At the White House on March 5, Republican presidential nominee John McCain, glowing with George W. Bush’s endorsement of him, said that “on the fundamentals and the principles of our Republican Party and most of the specifics of our shared conservative philosophy, President Bush and I are in agreement.” Not mentioned over their lunch of hot dogs was their affinity for certain practices of torture in the war against terrorists, a continued reversal of McCain’s convictions.
Back on Dec. 15, 2005, McCain, during a televised meeting with the president, was able to proclaim – after Bush had yielded to McCain’s demand to support legislation against torture – “We can move forward and make sure that the whole world knows that, as the president has stated many times, that we do not practice cruel, inhuman treatment or torture.”

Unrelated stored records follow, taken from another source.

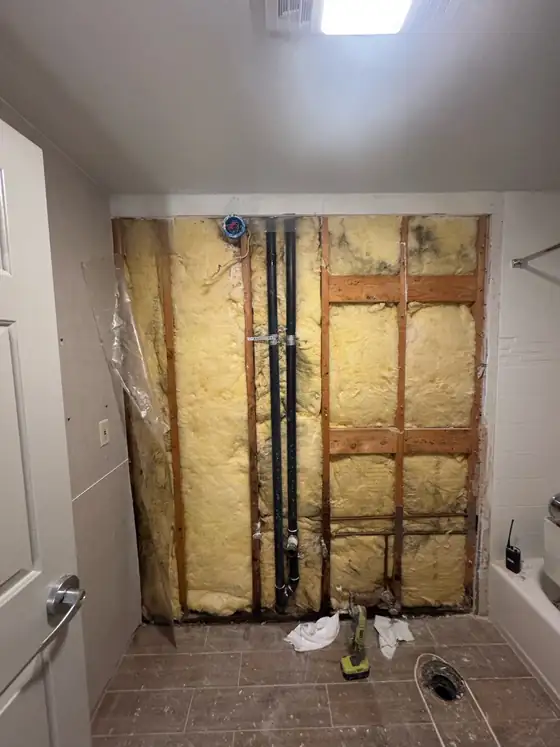 Wall stripped back to the studs around the plumbing stack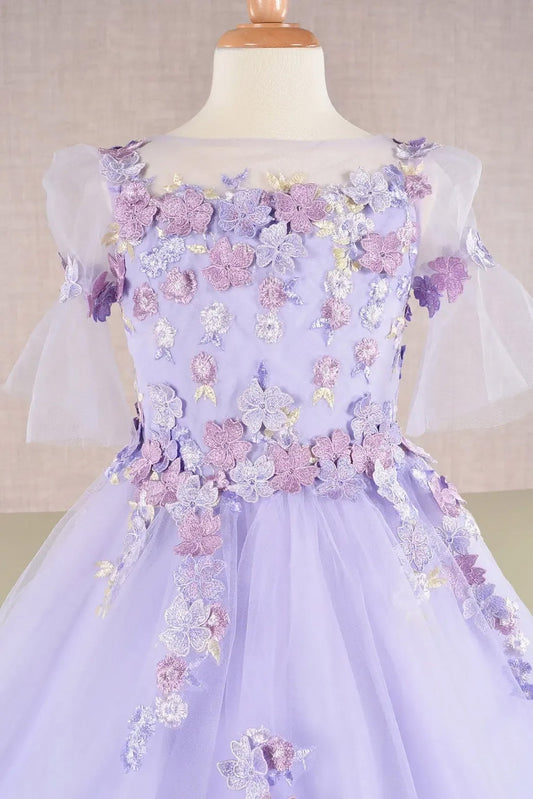 Front zoom view of a lilac kid ballgown with 3D floral applique, puff sleeves, and glitter tulle details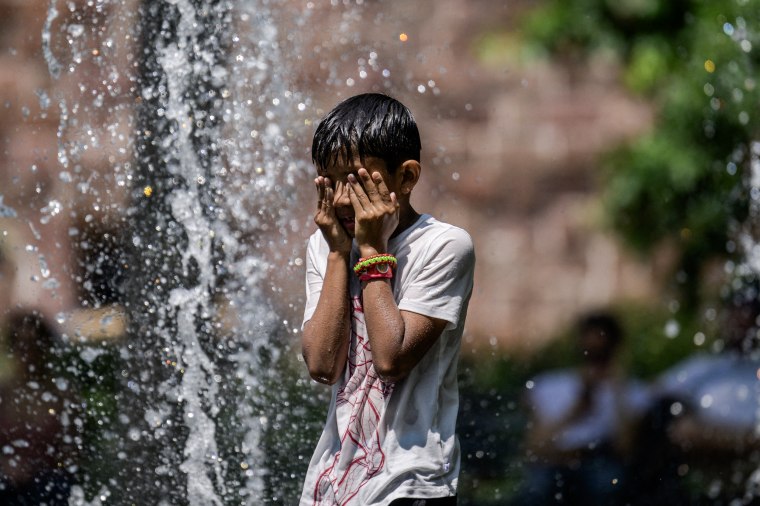 A boy cools off in a public fountain at a park in New York on July 26, 2023. 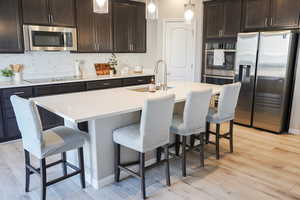 Kitchen featuring hanging light fixtures, stainless steel appliances, light wood-style flooring, dark brown cabinetry, and tasteful backsplash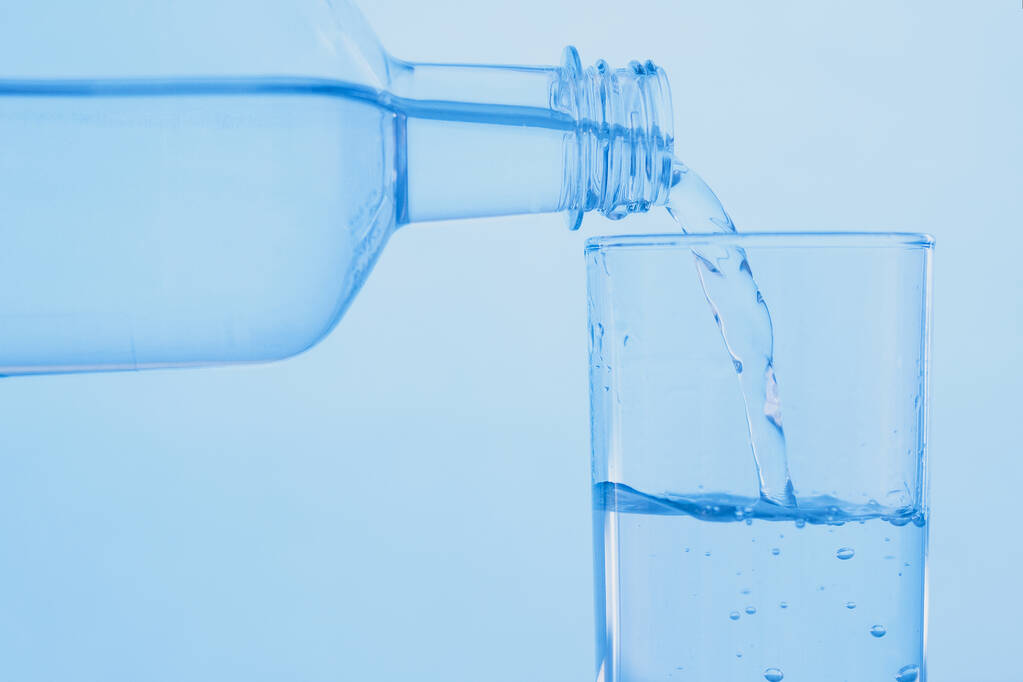 Aus einer durchsichtigen Flasche wird Wasser in ein Glas gegossen. Das Konzept des Weltwassertages. - Foto, Bild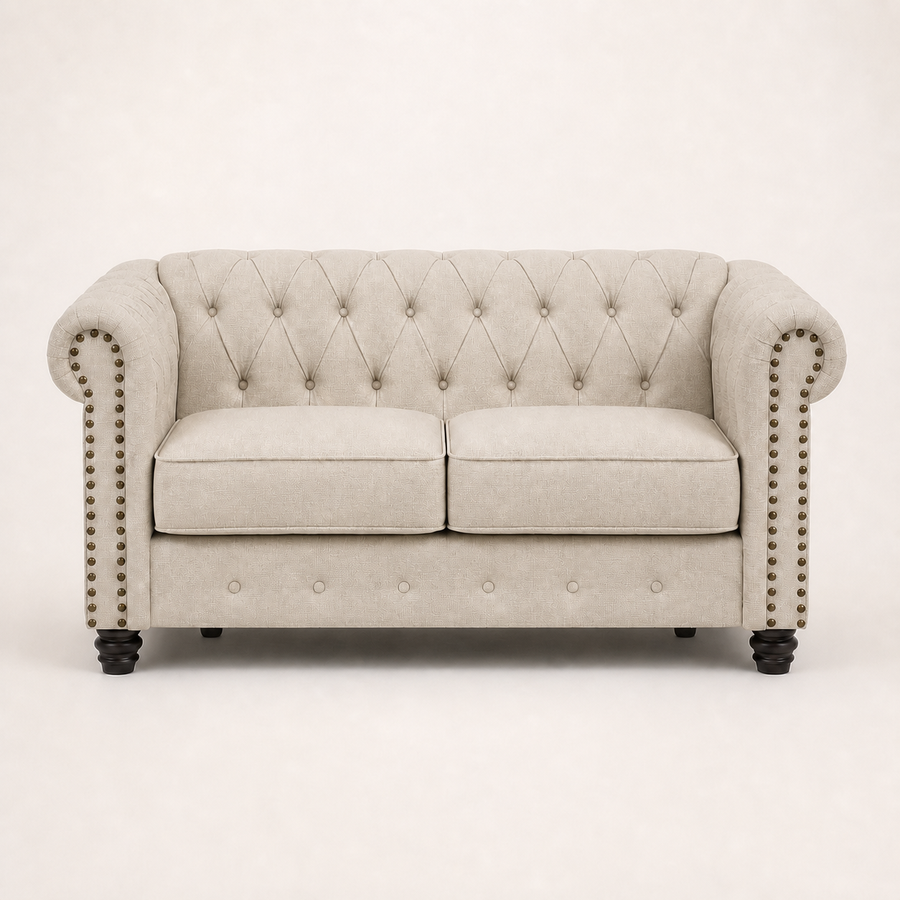 Front | Beige linen blend Chesterfield loveseat with two seat cushions, rolled nailhead arms, a tufted back, and black turned wood legs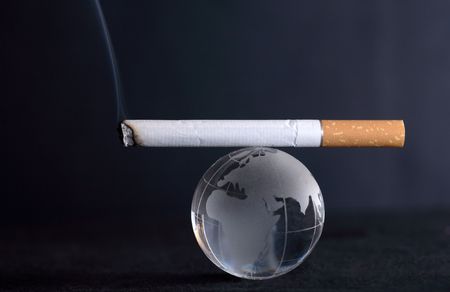 Conceptual balance: smoking cigarette lying on glass globe on dark backgroundの写真素材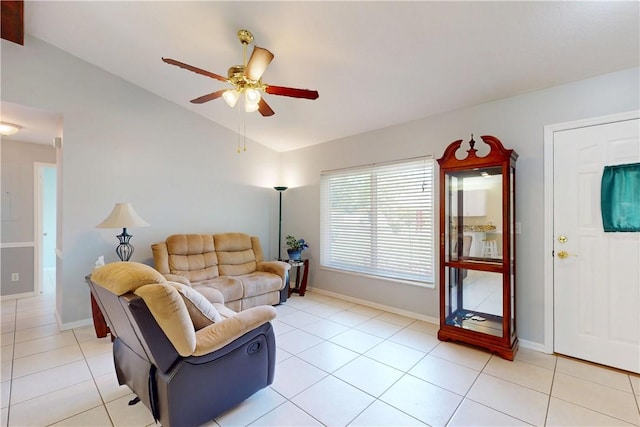 3405 Atlantic Blvd, Vero Beach, FL 32960 - living room featuring vaulted ceiling, a ceiling fan, light tile patterned flooring, and baseboards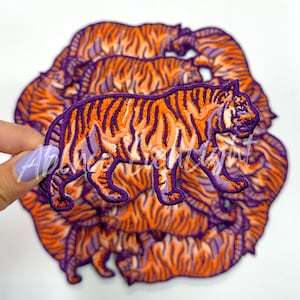 May include: A stack of orange and purple embroidered iron-on patches featuring a tiger design.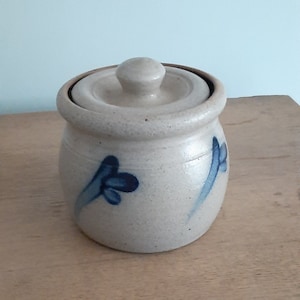 May include: A small, beige ceramic jar with a lid. The jar has a rounded shape and is decorated with blue floral designs. The lid has a small knob on top. The jar is sitting on a wooden surface.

If McCain really believed the president then, he would not have felt the need to press for his anti-torture amendment against the strong opposition of Dick Cheney, the president’s consultant on “the dark arts.”
Indeed, Bush, after signing the bill with McCain’s amendment, immediately issued one of his elastic signing statements that he would not enforce that prohibition if it interfered with his constitutional responsibility for national security.
By the end of December 2005, the president had signed the Detainee Treatment Act – which McCain voted for – that stripped prisoners at Guantanamo Bay from habeas corpus rights to protest in our federal courts not only the legality of their detention, but also their conditions of confinement, including torture. And the president’s Guantanamo tribunals were allowed by that law to consider evidence against detainees extracted by “coercion” – a pliable synonym for torture, as has been documented at Guantanamo. This largely nullified McCain’s previous amendment.
The next year, McCain voted for the Military Commissions Act that gave the president the authority to interpret the rules of the Geneva Conventions (which we’ve signed) on treatment of prisoners that could let him twist that agreement to approve “coercive” interrogations. In a later executive order, Bush specifically validated the power of the CIA to continue its purported cruel, inhuman and degrading practices – not by that name – in its secret prisons that the presidential executive order continued.
I do not recall an objection by McCain to that presidential executive order that further subverted the senator’s asserted condemnation of torture.
This year, the Republican presidential nominee, courting conservatives, solidified his alliance with George W. Bush in voting to accord special interrogation privileges to the CIA.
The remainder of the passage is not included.